Crawled caption data

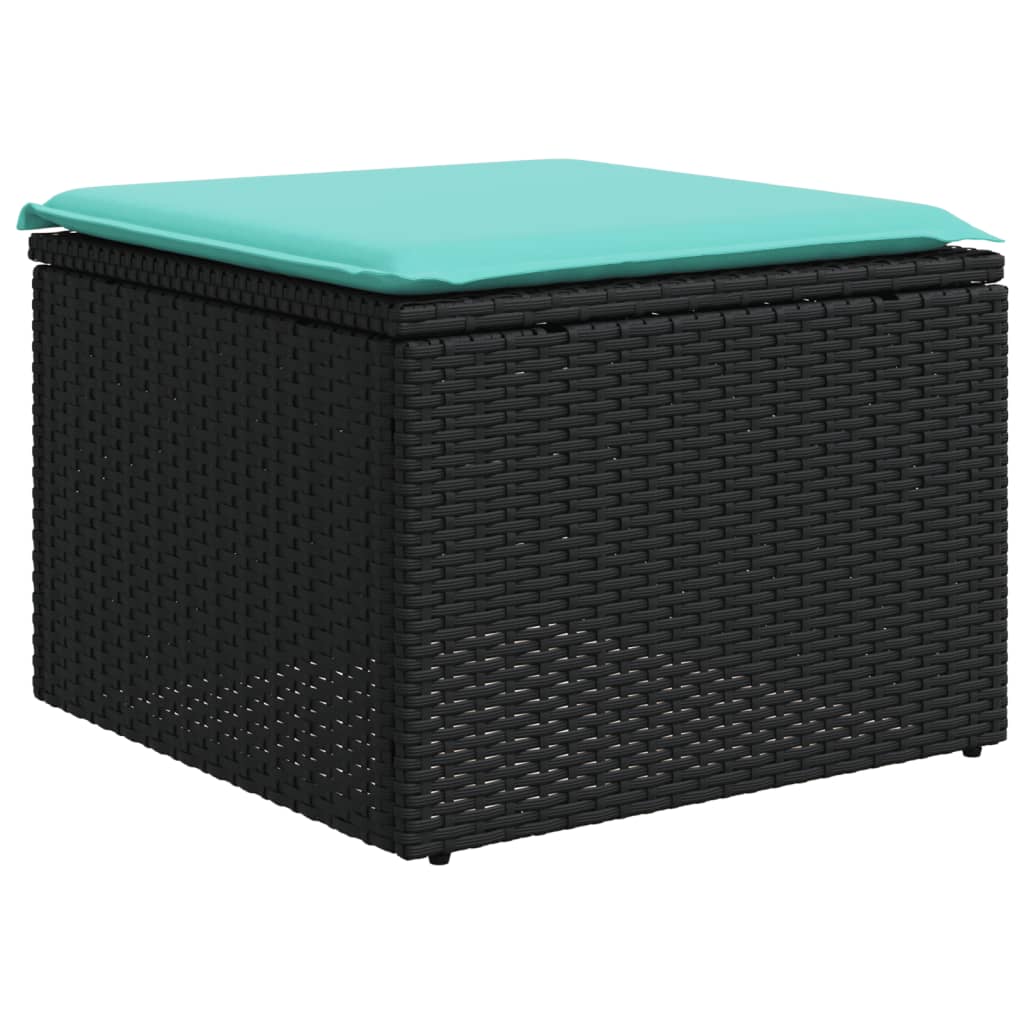 Set Divani da Giardino 10 pz con Cuscini Nero in Polyrattan - homemem39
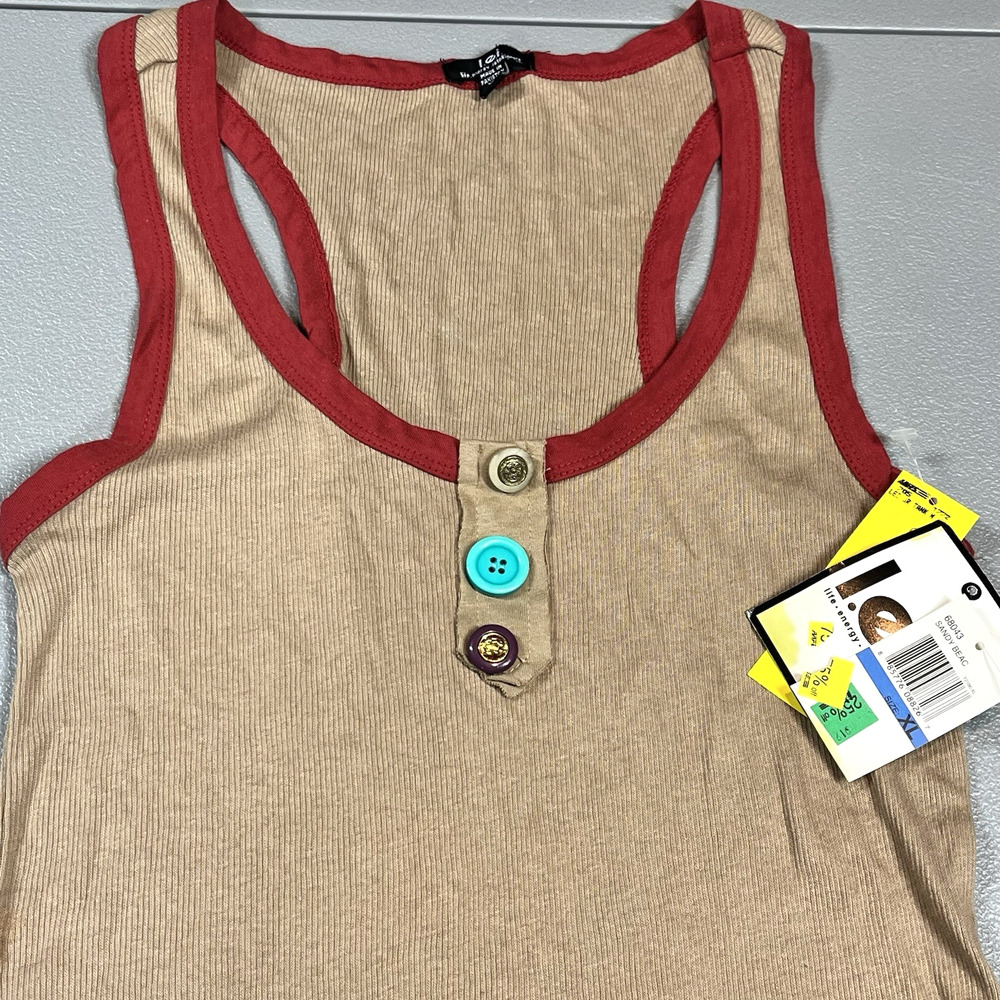 Y2K vintage LEI XL Tank Top Layered Embellished Buttons Beach NOS New with tags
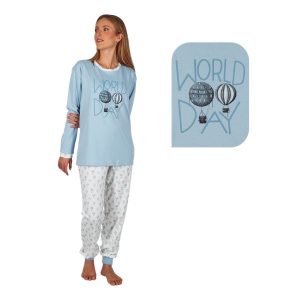 Pijama mujer Leniss 80039 azul con globos y pantalón crudo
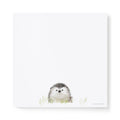 Felix Doolittle square notepad featuring an Illustration of a hedgehog on a white background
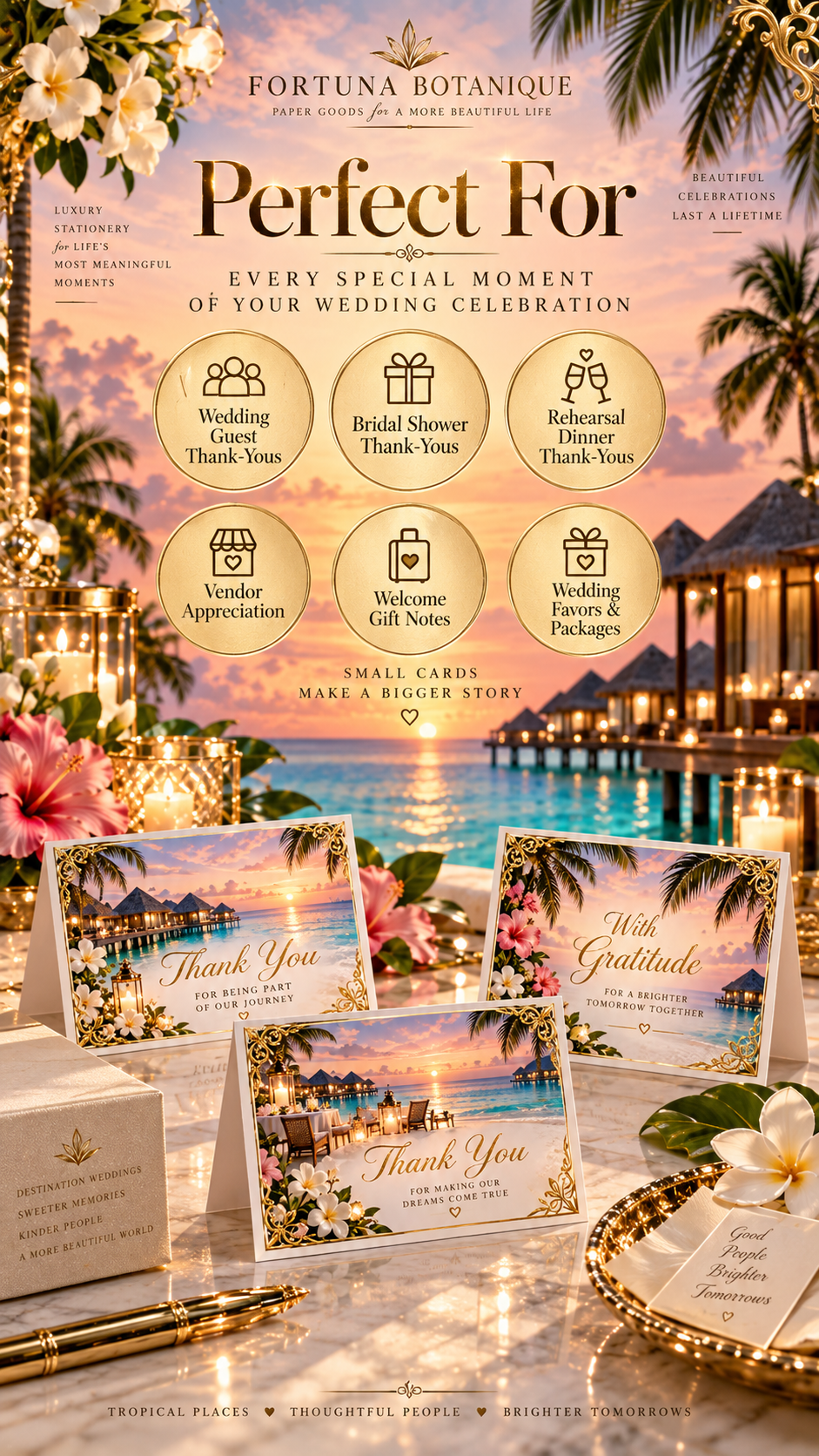 Maldives Wedding Thank You Cards | Luxury 50-Card Printable Collection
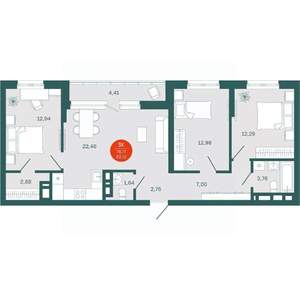 3-к квартира, вторичка, 79м2, 2/19 этаж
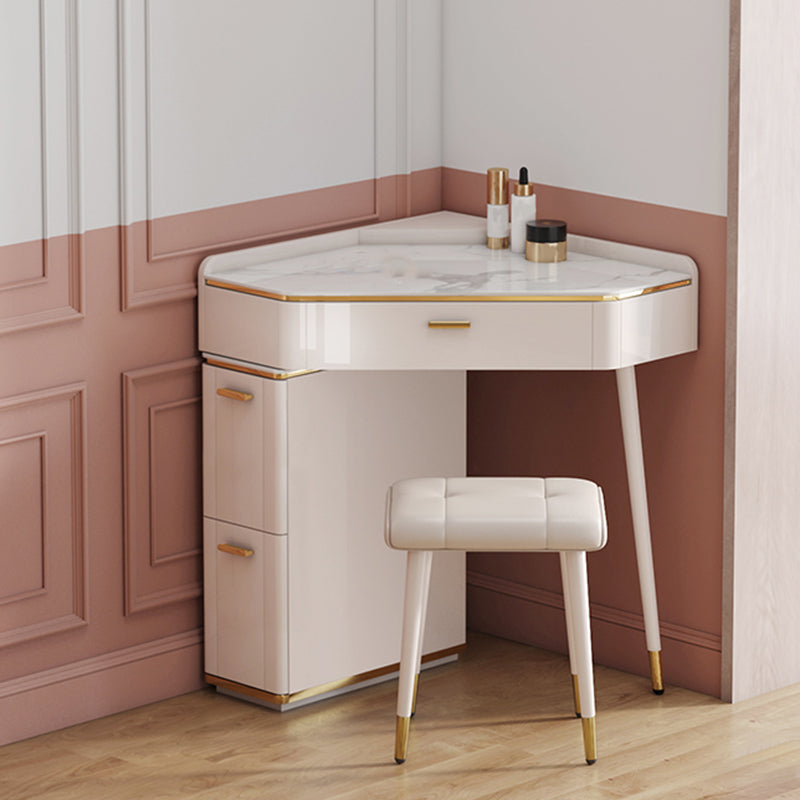 Glam Style White/gray Rock Slate Countertop Metal Base with 3/4 Drawer Dresser Makeup Vanity & Stools 24"L x 24"W x 31"H White Clearhalo 'Bedroom Furniture' 'furn' 'furn_makeup_vanities' 'Furniture' 'Makeup Vanities' 'makeup_vanities' 5223049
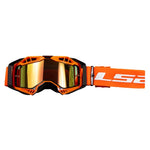 LS2 Goggles Aura Pro Iridium Orange med orange spegelglas och justerbart band för optimal passform. Perfekt för motorcykelåkning i stad och terräng.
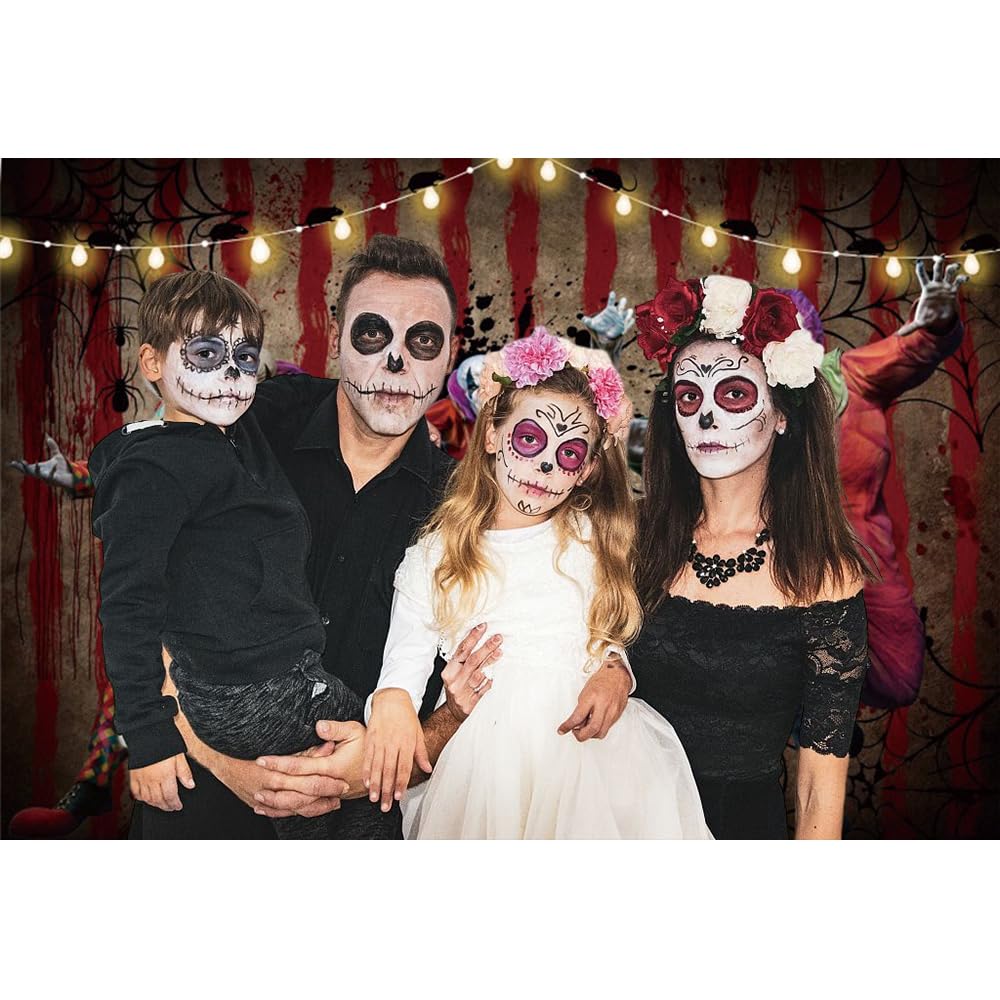 Renaiss 7x5ft Halloween Evil Clown Backdrop Horror Circus Scary Carnival Halloween Background Blood Handprint Spiderweb Trunk or Treat Birthday Party Decors Clown Circus Halloween Photo Booth Props - Image 5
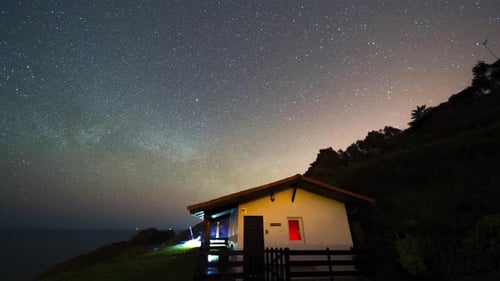 Isolated House At Night With The Milky Way and Stars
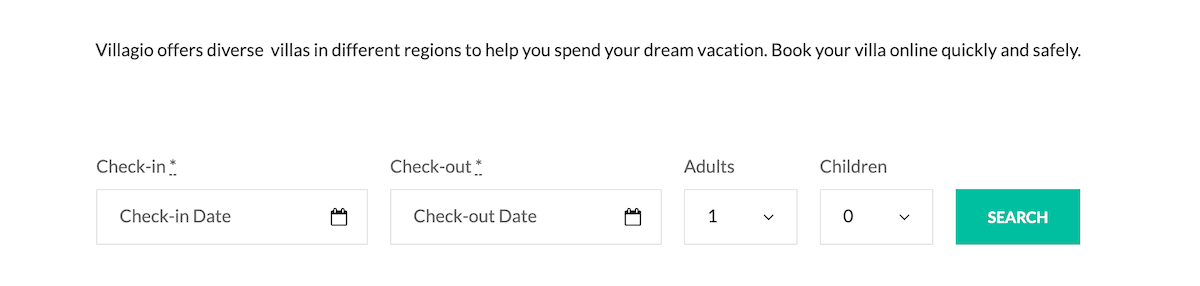 The mobile-responsive property search form on the front-end.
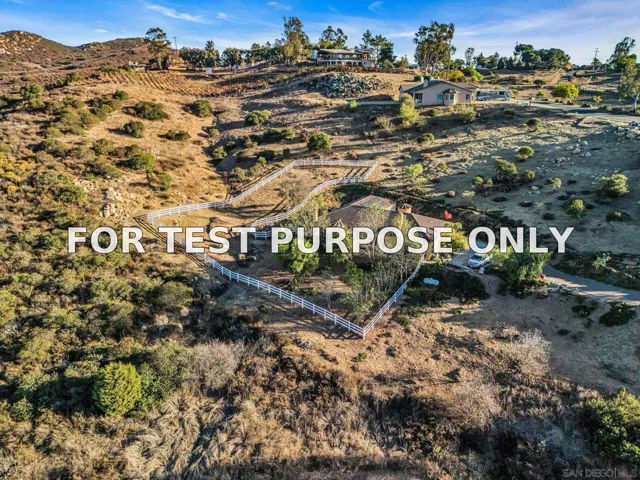 Demo/Test Data 18763 Rangeland Road, Ramona, Ca 92065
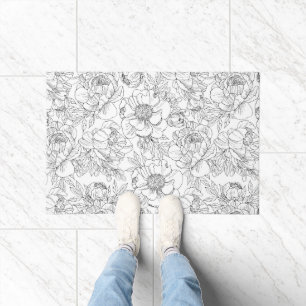 Vintage Peony Floral Pattern Doormat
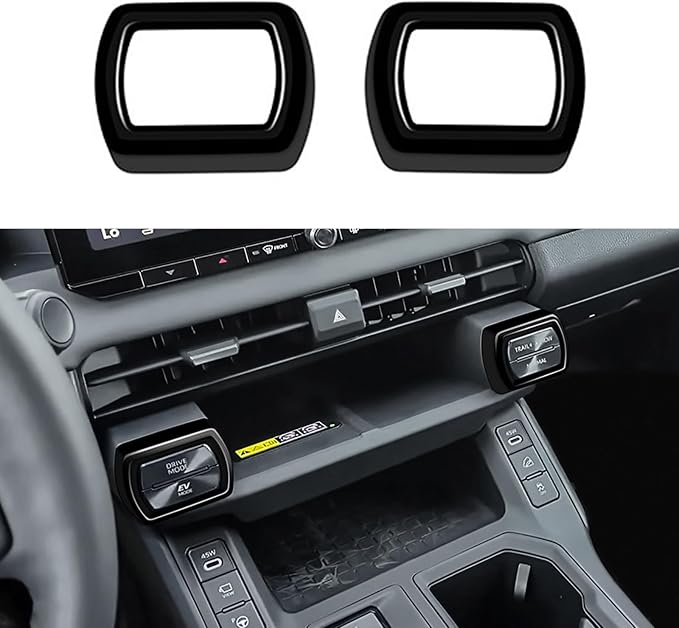 Console AC Switch Panel Trim Compatible with Toyota RAV4 XLE Premium/LE/SE/XSE/Limited/Woodland 2026+, Wireless Charging Arear Button Frames, Drive Mode Switch Knob Frame for RAV4 2026 (Black)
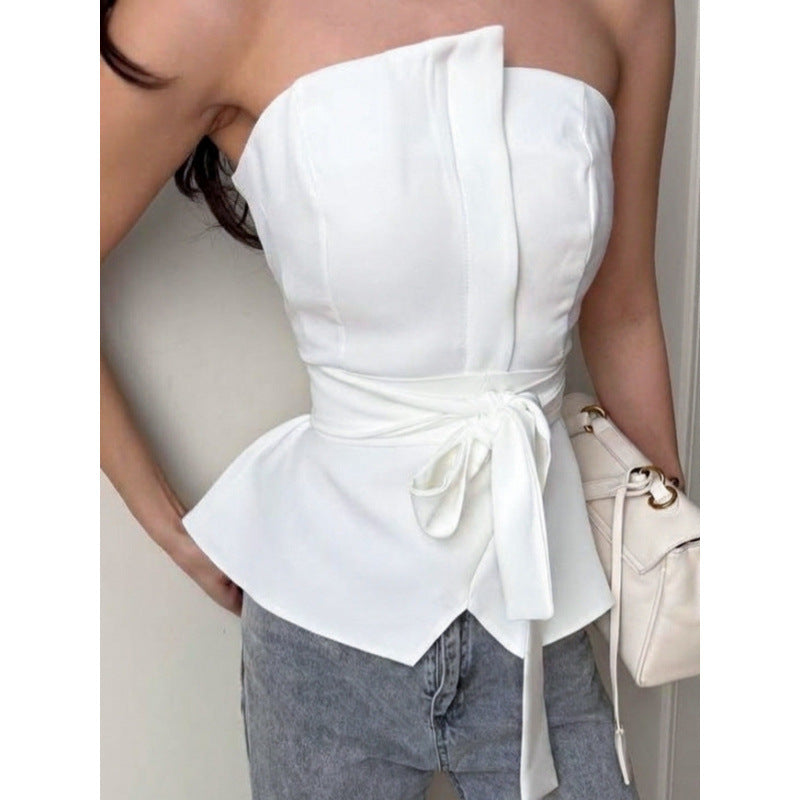 Damen Tailliertes Oberteil mit strukturiertem Design und schicker Rüsche Drune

▶ **Your goal**
What is needed is an exact copy of the lines from the one containing "Demo/Test Data 18763" through the last line of the records, with every picture left out.

▶ **Response to the exercise**
 Demo/Test Data 18763 Rangeland Road, Ramona, Ca 92065
 Vintage Peony Floral Pattern Doormat
 Console AC Switch Panel Trim Compatible with Toyota RAV4 XLE Premium/LE/SE/XSE/Limited/Woodland 2026+, Wireless Charging Arear Button Frames, Drive Mode Switch Knob Frame for RAV4 2026 (Black)
 Damen Tailliertes Oberteil mit strukturiertem Design und schicker Rüsche Drune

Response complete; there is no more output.